Mason Bates: Works for Orchestra is a partnership between the T-shirted DJ and his more formal longtime collaborator, SF Symphony music director Michael Tilson Thomas. Due for release from the orchestra’s Grammy Award–winning label San Francisco Symphony Media, the recording will include Bates' three largest electro-acoustic orchestral works to date: B-Sides (2009), Liquid Interface (2007), and Alternative Energy (2011).
(Mason Bates, Courtesy of View From Here)
If you aren't familair with Bates' insanely innovative work, just try to imagine the collision of classical music with the rhythms of the digital age—like an electronic dance party on the floor at Davies Hall, or MTT behind the turntables of a Molly-fueled rave. There are sounds of techno, drum ‘n’ bass, and field recordings—one moment you'll be exploring the glaciers of Antarctica, then you'll be floating in space the next. This dude is breaking boundaries, people.
(Michael Tilson Thomas and Mason Bates, Courtesy of Red Carpet SF)
"Mason has an enormous imagination for extending and creating another vocabulary of sound,” says Tilson Thomas, who's commissioned multiple works from Bates, including both The B-Sides and Mass Transmission. “It complements what he's doing with his notes and bass lines and melodies. He blends these two aspects together, and it's volatile and engaging."
Last year, Bates joined the Kennedy Center as composer-in-residence for the 2015-16 season, and he is currently writing his first opera—inspired by the life of Steve Jobs—commissioned by the Santa Fe Opera.
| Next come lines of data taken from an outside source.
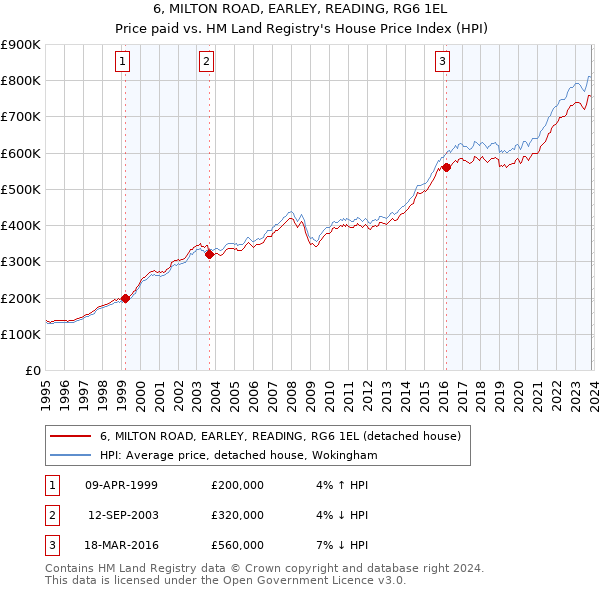 6, MILTON ROAD, EARLEY, READING, RG6 1EL: Price paid vs HM Land Registry's House Price Index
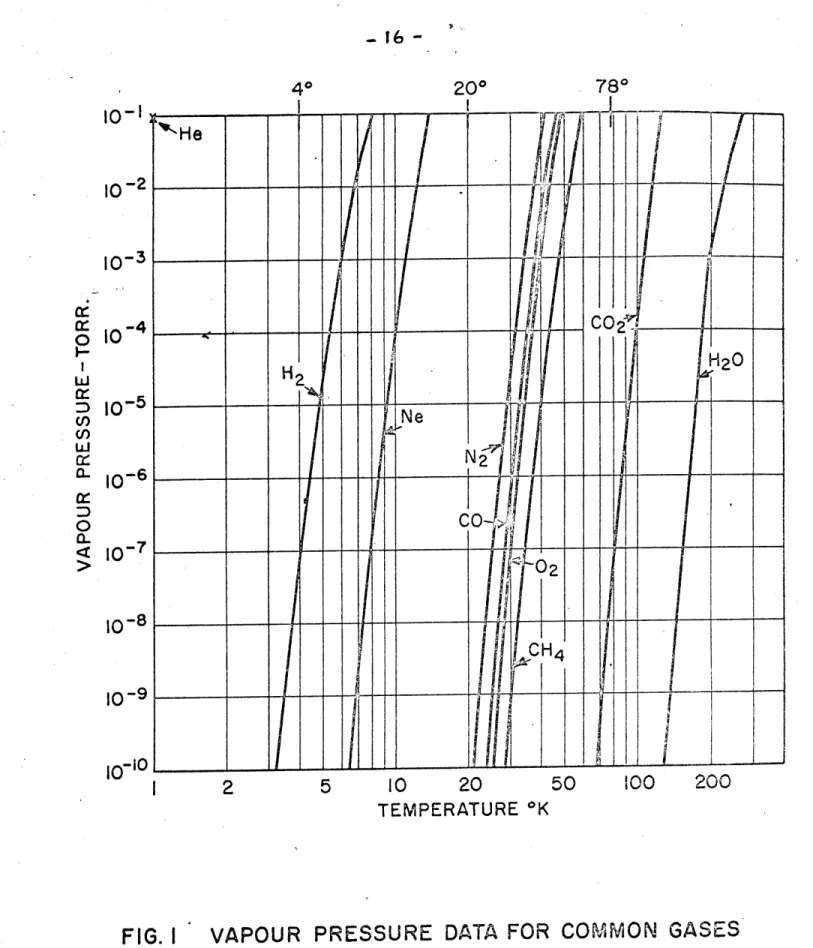 FIG.  I  VAPOUR  PRESSURE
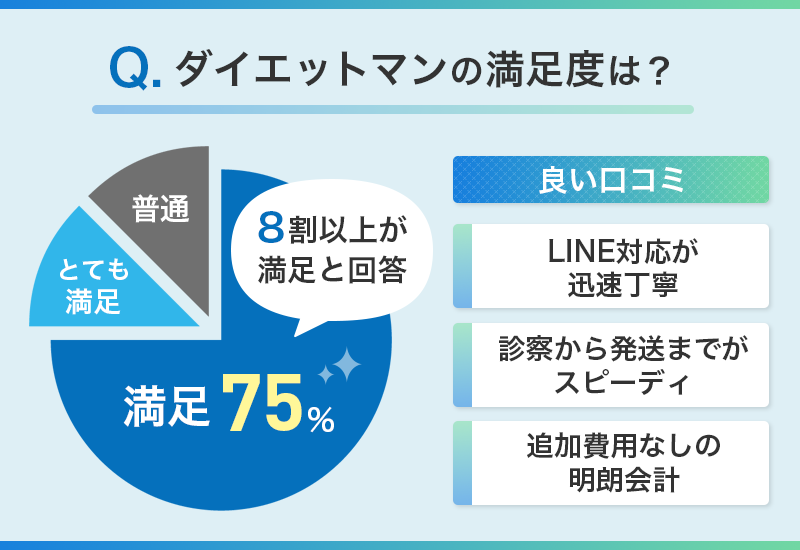 ダイエットマン 口コミ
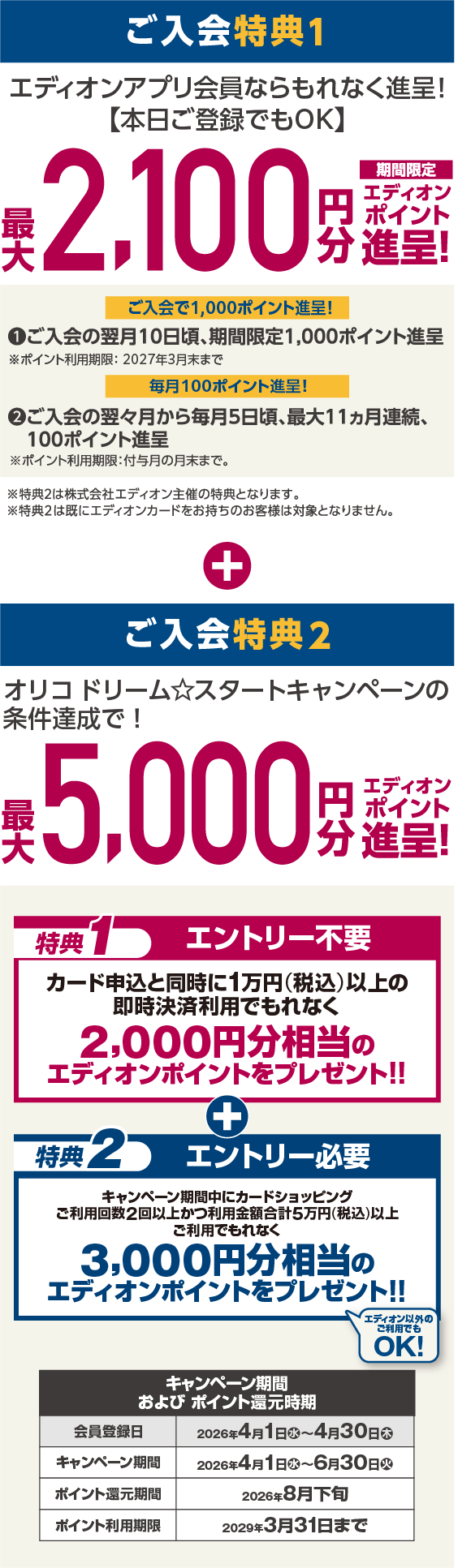 ご入会特典1、2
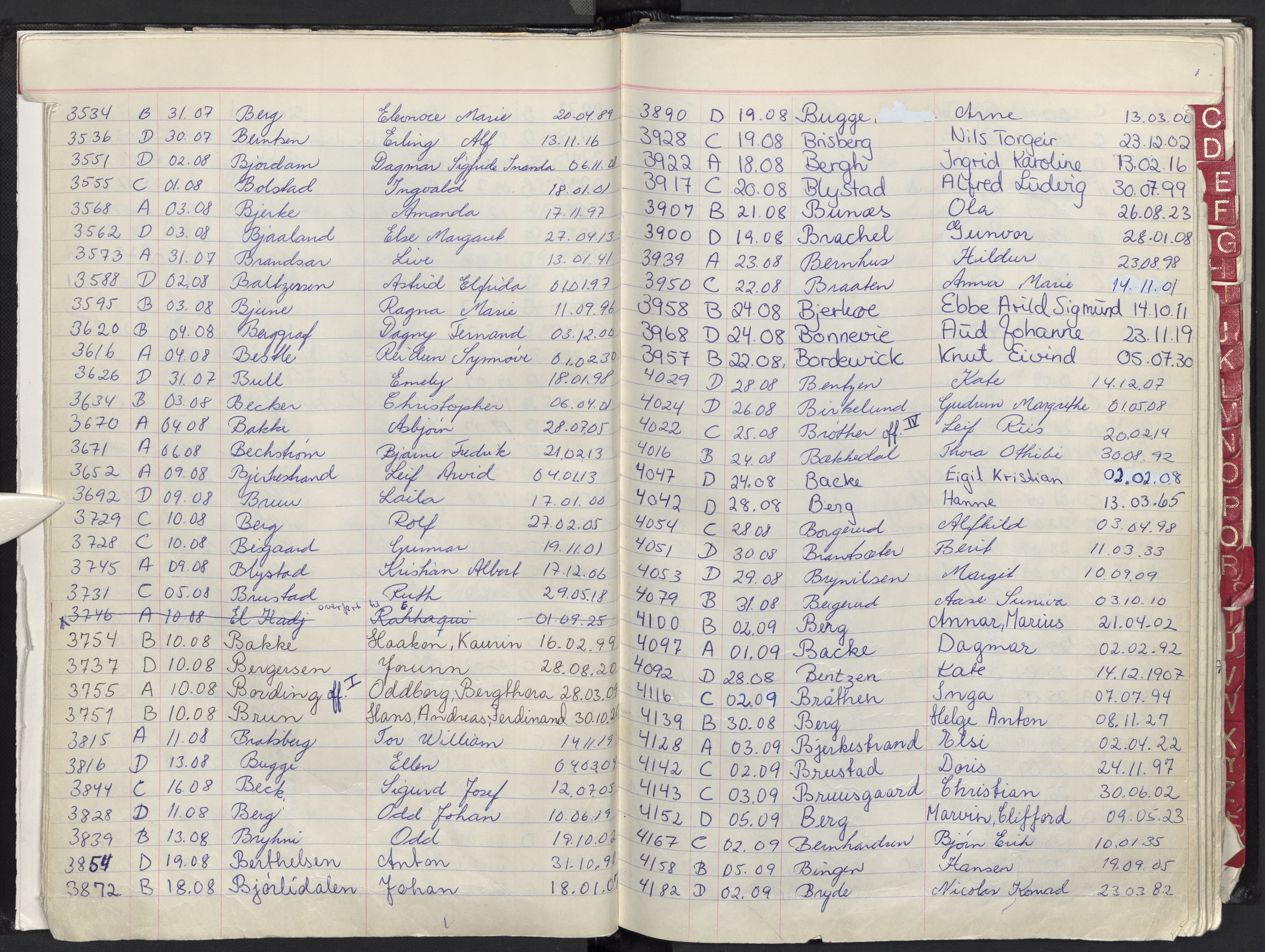 Oslo skifterett, AV/SAO-A-10383/F/Fa/Faa/L0082: Navneregister dødsfallssaker, 1982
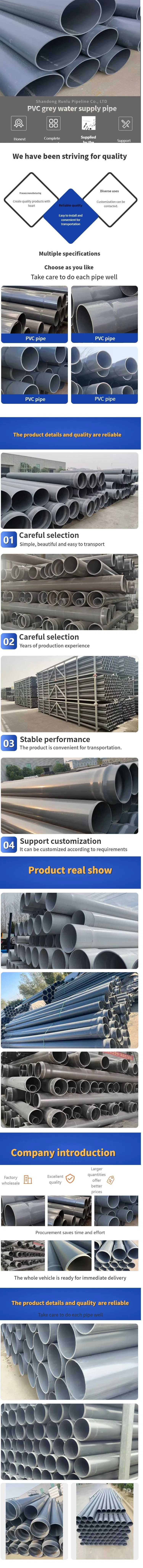 Durable Grey PVC Water Pipe Leak-Proof & Impact-Resistant Design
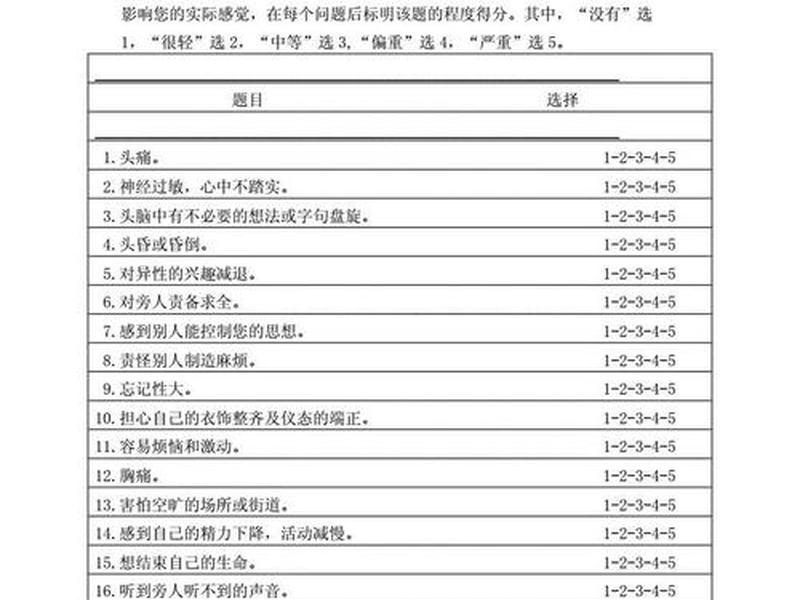 SCL心理测试、SCL心理测试量表 SCL心理测试、SCL心理测试量表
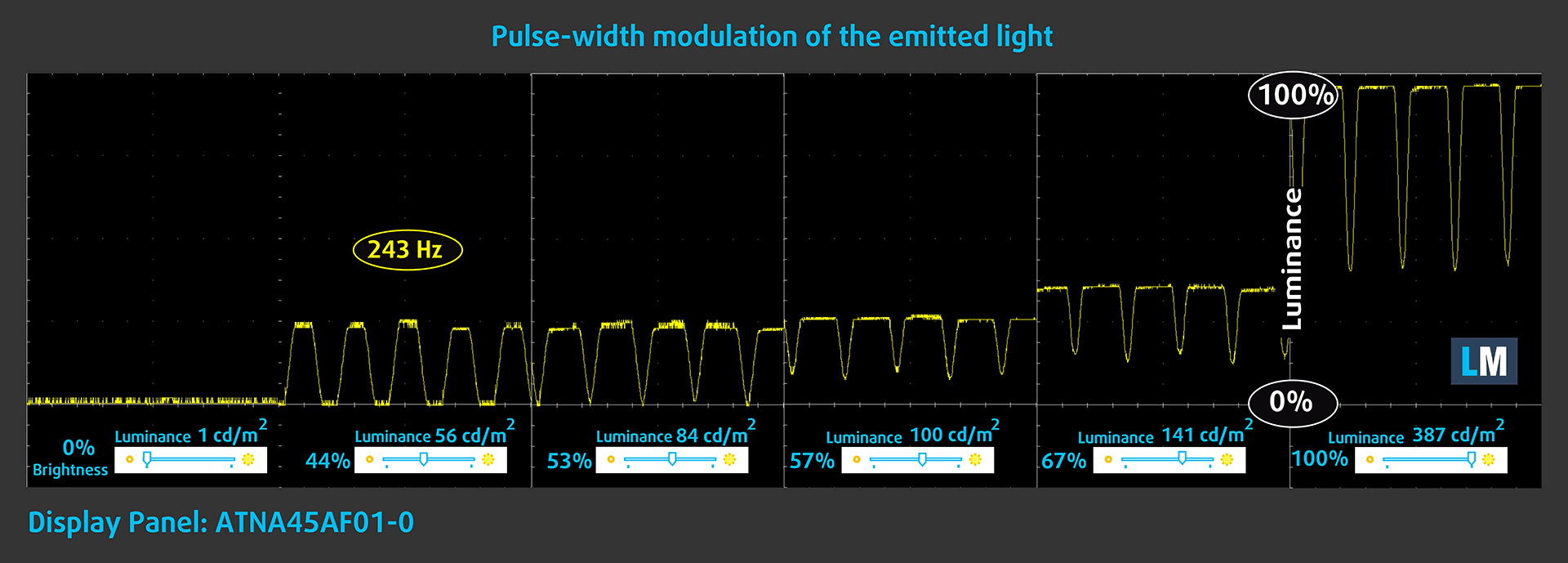 What is Blue Light from Digital Devices? Is it harmful for eyes?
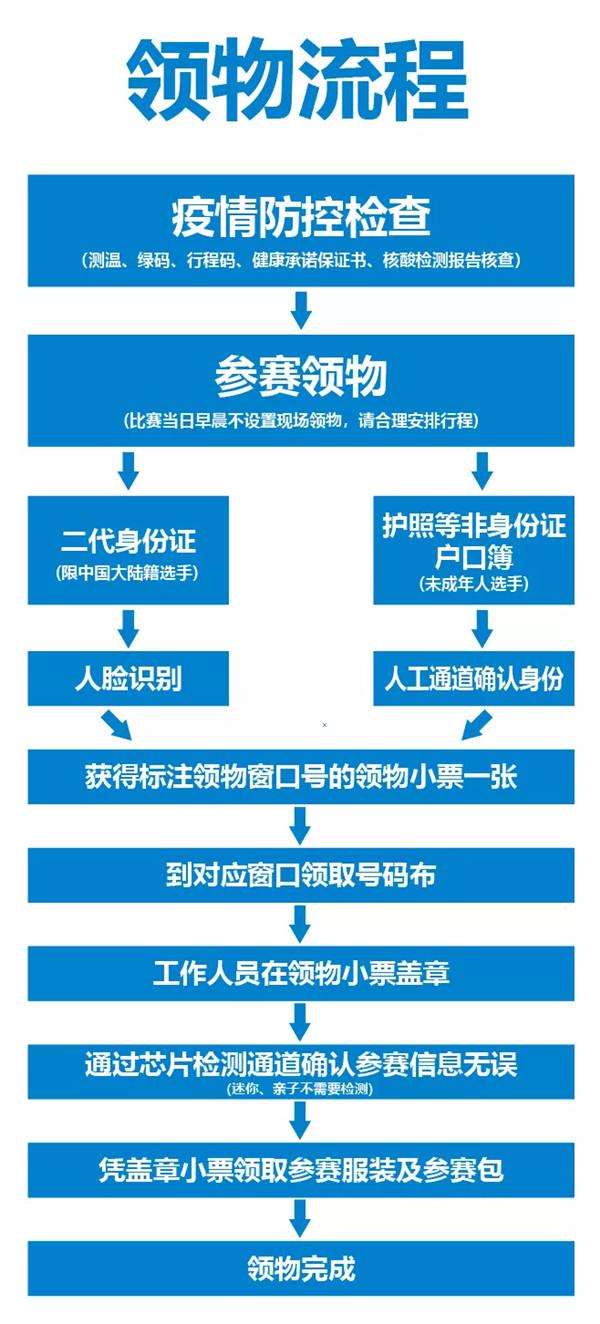 2020绍兴上虞曹娥江半程马拉松物资领取指南及交通攻略 2020绍兴上虞曹娥江半程马拉松物资领取指南及交通攻略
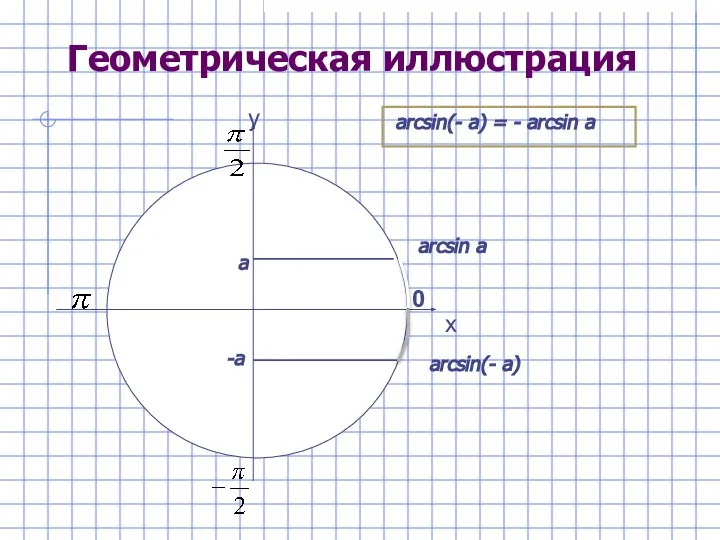 Геометрическая иллюстрация х у 0 arcsin a arcsin(- a) a -a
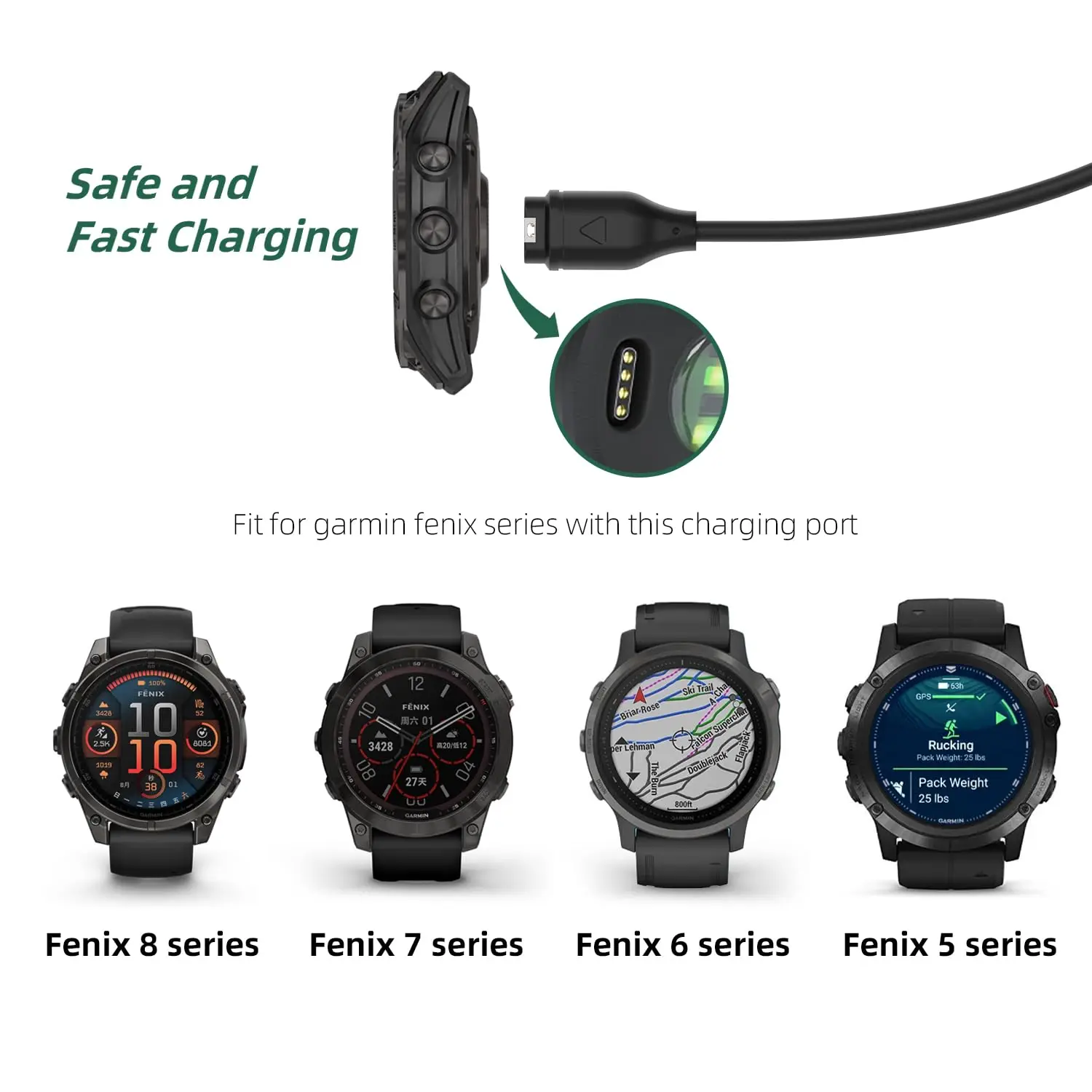 Versatile Charger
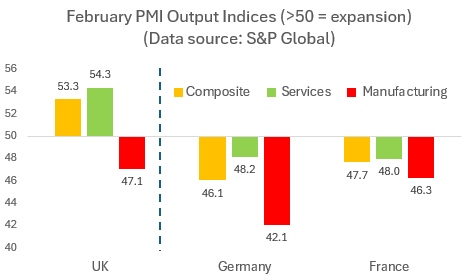 julianHjessop's tweet photo. By popular demand, here's a chart comparing the latest composite PMIs for the UK, Germany and France... 👇

We've also had the US (51.4) and Japan (50.3).

ps. FAQs on the PMIs here https://t.co/GphXqywVtL https://t.co/UruLDUeiCI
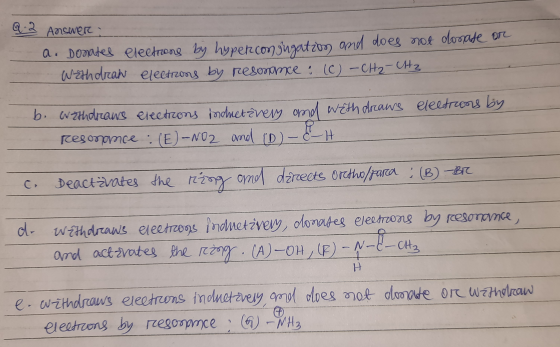 9.2 Answer: - a . Donates electrons by hyperconjugation and does not donate or Withdraw electrons by resonance : (C) -CH2-C1t
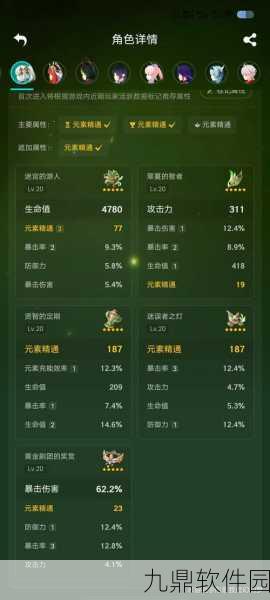 原神温迪词条圣遗物选择方法详解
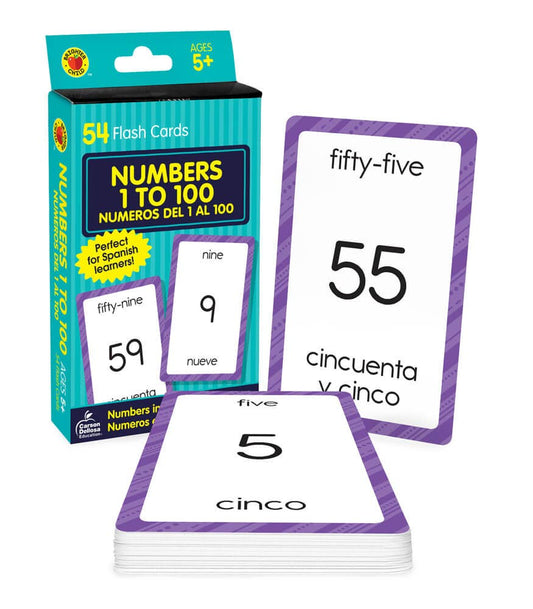 Numbers 1 to 100 Flash Cards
In the meantime, look for Bates to debut another SF Symphony commission, Auditorium, at Davies Symphony Hall this April.
“During my years in the Bay Area, it has been quite a trip to migrate from a San Francisco Symphony audience member to contributing composer,” says Bates. ”The San Francisco Symphony continues to be my window into the limitless possibilities of an orchestra.”